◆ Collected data
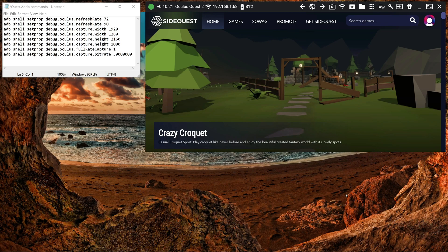I get quite a few comments asking how I record certain things on the Quest 2, so I decided to make this video to quickly show people the settings I use.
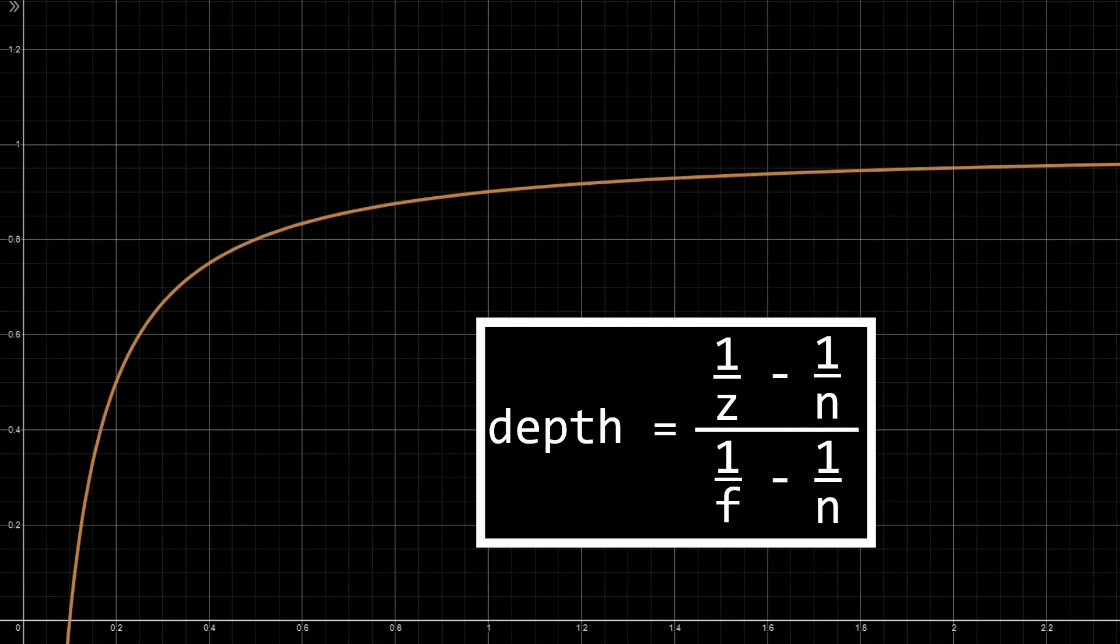This is achieved by using this formula. Don't worry, we don't have to implement it since OpenGL does it automatically.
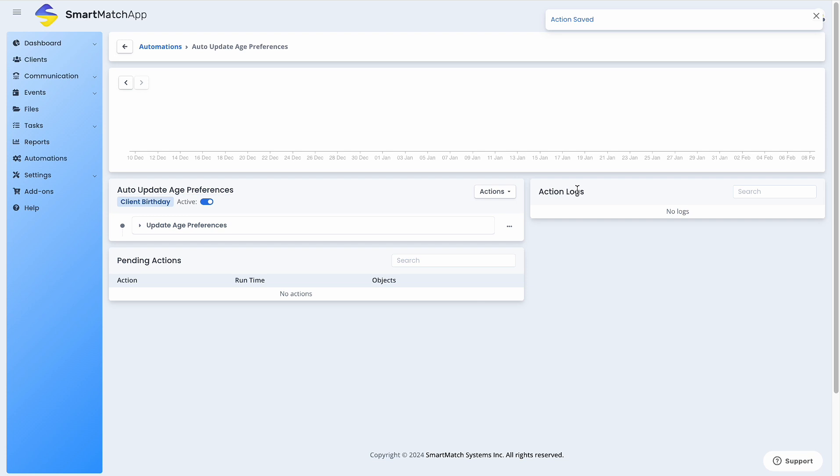Unless the client changes their age preferences, the age range will adjust yearly as time goes by. And that is how you set an automation to auto-update your client's age preferences.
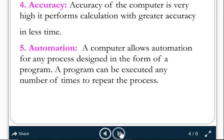Automation means automatically the computer is going to process. Whenever you give an instruction to the system, regarding that instruction the computer automatically does the process — designed in the form of a program. A program can be executed any number of times to repeat the process. For example, I can open Facebook any number of times automatically. Any number of processing operations can take place through the automation characteristic of computer. We can do operations on any application. That is what automation means.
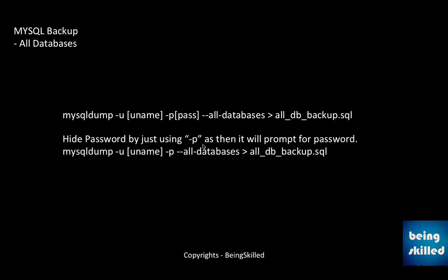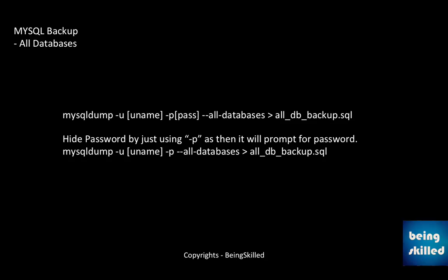If you're having access to command line, then all you have to do is use the command mysqldump, then followed by -u or hyphen u, then space username, then space hyphen p and then the password, and then you have to use double hyphen then all-databases and then greater than and then the file name to which you want to export all the data or database.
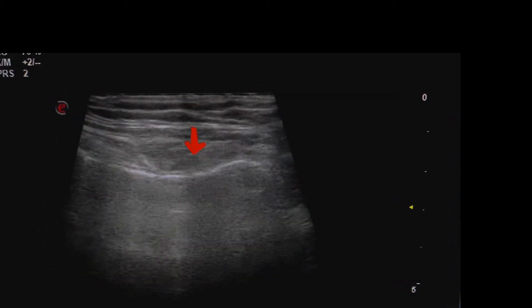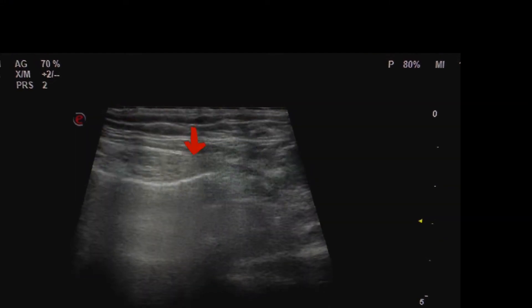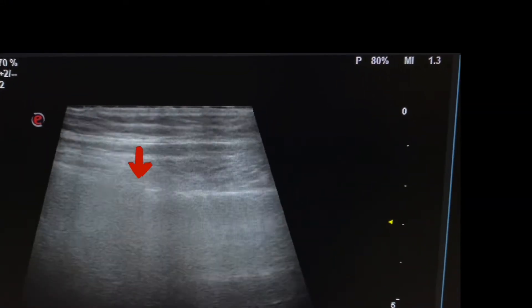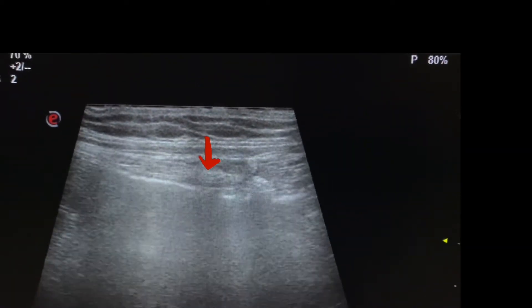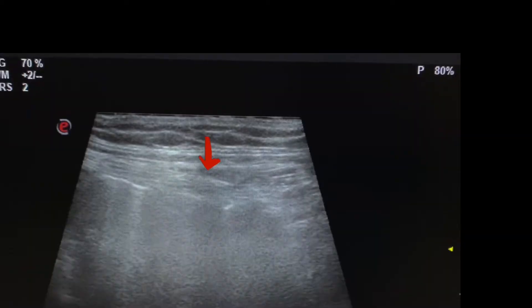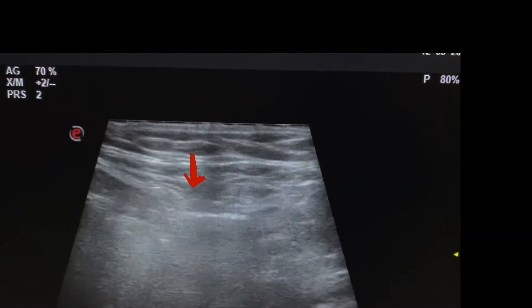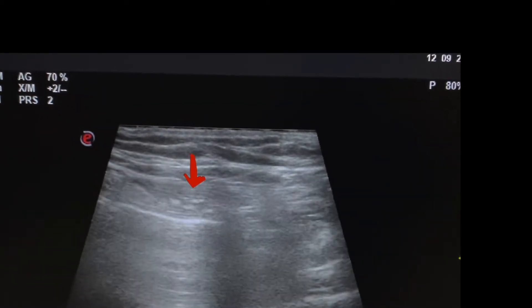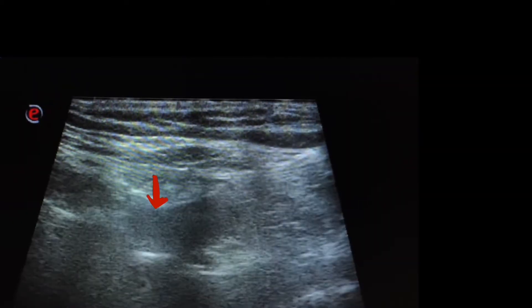Here we see an echogenic line — this is gas in the small intestine. In the small intestine, gases appear as a thin echogenic line. Now we are scanning the left inguinal area, as the patient is also complaining of swelling here.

◆ Exercise prompt
Skip the pictures. Restate exactly the lines from the start of the entries through the line containing "Unless the client", both ends included.

◆ Response to the exercise
I get quite a few comments asking how I record certain things on the Quest 2, so I decided to make this video to quickly show people the settings I use.
This is achieved by using this formula. Don't worry, we don't have to implement it since OpenGL does it automatically.
Unless the client changes their age preferences, the age range will adjust yearly as time goes by. And that is how you set an automation to auto-update your client's age preferences.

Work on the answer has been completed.